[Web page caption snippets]
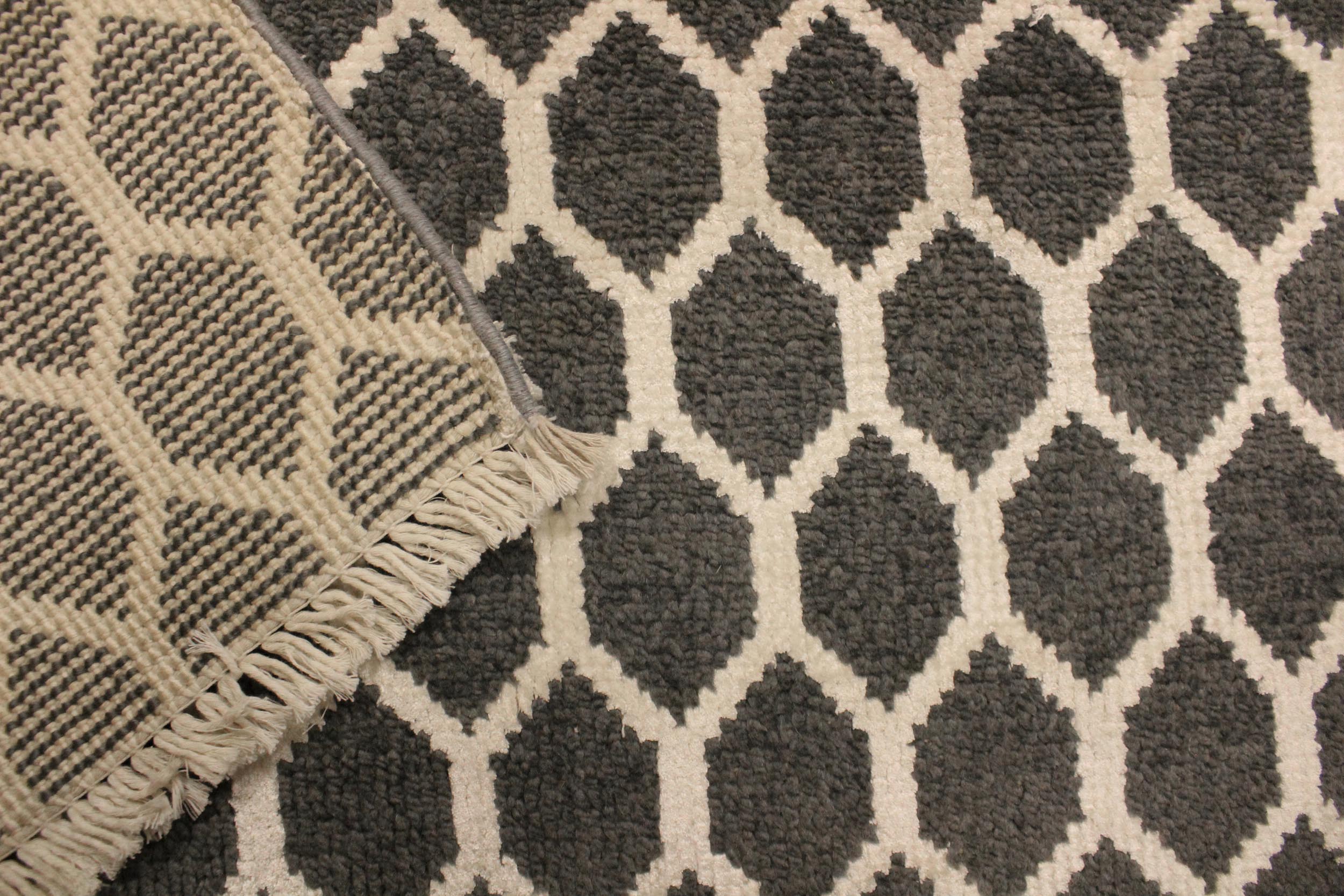 handmade Modern Ailsa Gray Ivory Hand Knotted RECTANGLE WOOL&VISCOU area rug 4' x 6'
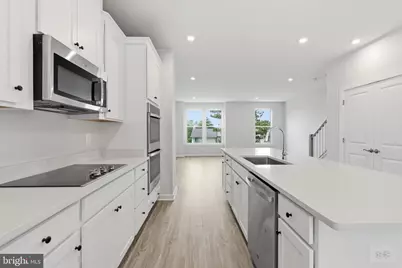 2118 Acadia Road, Herndon, VA 20170 - Photo 7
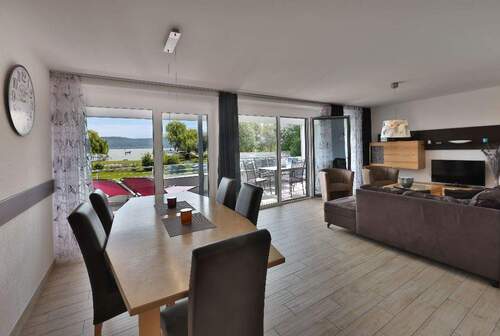 Großzügiger Essplatz mit Couch.jpg - 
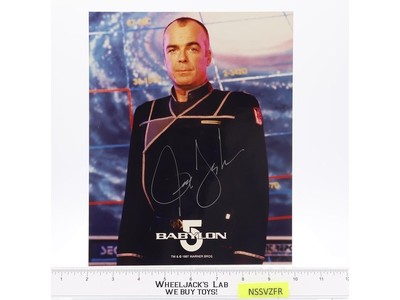 Michael Garibaldi Babylon 5 Jerry Doyle AUTOGRAPHED 8x10 Photograph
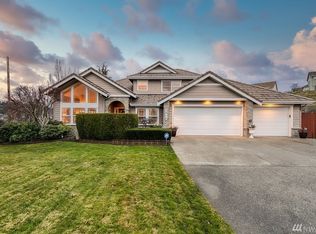 3914 Spyglass Dr NE, Tacoma, WA 98422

EXERCISE BRIEF: What's needed is an exact retyping of the records, pictures excluded.

RESULT OF THIS EXERCISE:
 handmade Modern Ailsa Gray Ivory Hand Knotted RECTANGLE WOOL&VISCOU area rug 4' x 6'
 2118 Acadia Road, Herndon, VA 20170 - Photo 7
 Großzügiger Essplatz mit Couch.jpg - 
 Michael Garibaldi Babylon 5 Jerry Doyle AUTOGRAPHED 8x10 Photograph
 3914 Spyglass Dr NE, Tacoma, WA 98422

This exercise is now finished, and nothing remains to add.